What happened when the man closed the hood: The car started.
How long it took to haggle payment for the impromptu auto-tune-up: About two minutes
What happened next: An altercation with a merchant who didn’t want Mansur parking in front of his shop
Mansur’s mood upon arrival at Scoops ice cream in the Tripoli souk: Stressed
Did car continue to work after ministrations by total stranger outside St Gilles Castle?: Yes.



Number of times we got lost in downtown Beirut: Two.
Outcome the first time: Got good directions from a man hanging out in front of the Armenian cultural center in Bourj Hammoud.
Outcome second time: Said “what the hell,” stopped for lunch at a cafe overlooking Pigeon Rock, then followed the sea back to the highway.
Number of buildings seen with visible gun and mortar damage in Beirut: Two, including the still-abandoned Holiday Inn.
Number of buildings spotted with mortar damage on first visit to Beirut, in 2000: About twenty.

Location of Beirut apartment of my husband’s close childhood friend Maher: In Hamra, not far from the Corniche, and close enough to where Rafik Hariri was assassinated to have the windows blown out by the explosion.
What Maher likes about his neighborhood: “It has always been very mixed. Before the war, nobody even asked what religion you are. You found out at Christmas or Ramadan or if someone got married.”
Maher’s occupation: Head chef at a restaurant in Hamra.
Highlight of lunch with Maher and his adorable mother Isnat: Maher’s tale of a five-month stint as a chef in a remote part of Nigeria.

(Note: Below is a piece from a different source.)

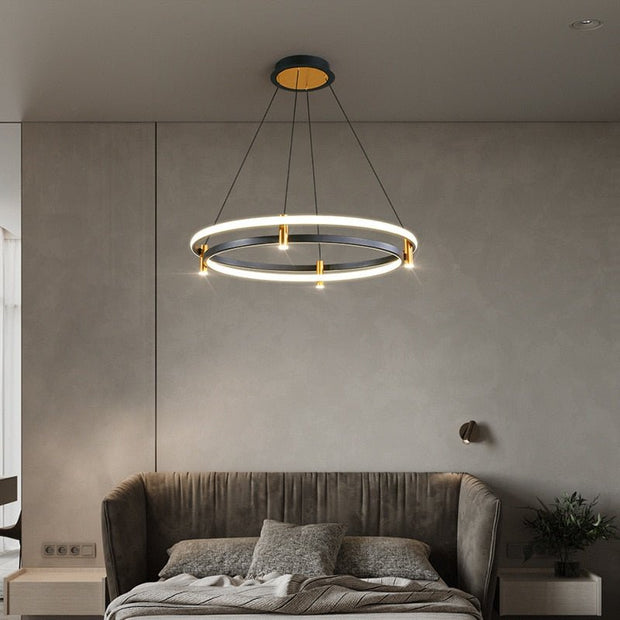 Dual Ring LED Chandelier-MinimalisticDecor.com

What the Nigeria job included: Slaughtering his own goats every morning and doing the marketing armed with a semi-automatic weapon. (Let’s see them try that on next season’s Top Chef.)

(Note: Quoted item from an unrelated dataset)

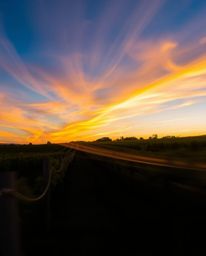 This long-exposure photograph transforms a classic sunset over a vineyard into a canvas for creative light art. The image foc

Maher’s comment on why he left: “It occurred to me that it would not really be all that funny to survive the civil war in Beirut and die in Nigeria trying to buy groceries.”

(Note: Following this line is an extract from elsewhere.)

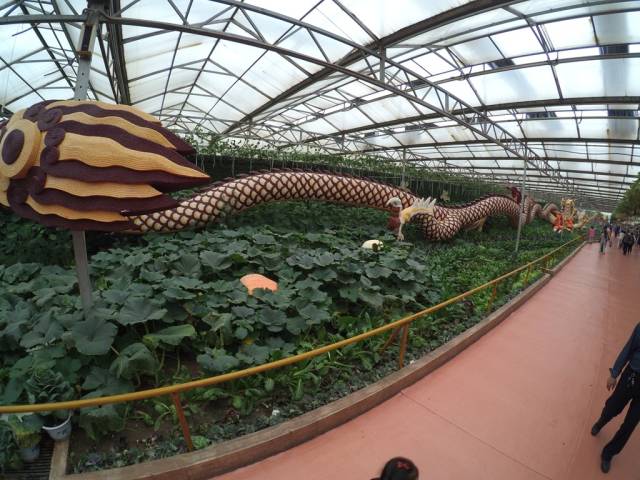 带上小蚁运动相机游潍坊（三）寿光菜博会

Number of international phone calls made by me in Lebanon: Zero.
Number of emails sent: Zero.
Number of blog posts, comments, Facebook updates or Tweets posted: Zero.
Number of movies seen: Four. In descending order of preference, Win-Win, Morning Glory, True Crime, The Kite Runner.

Return trip to Brooklyn: Uneventful.
How jet-lagged am I?: I am typing this at six a.m. EDT.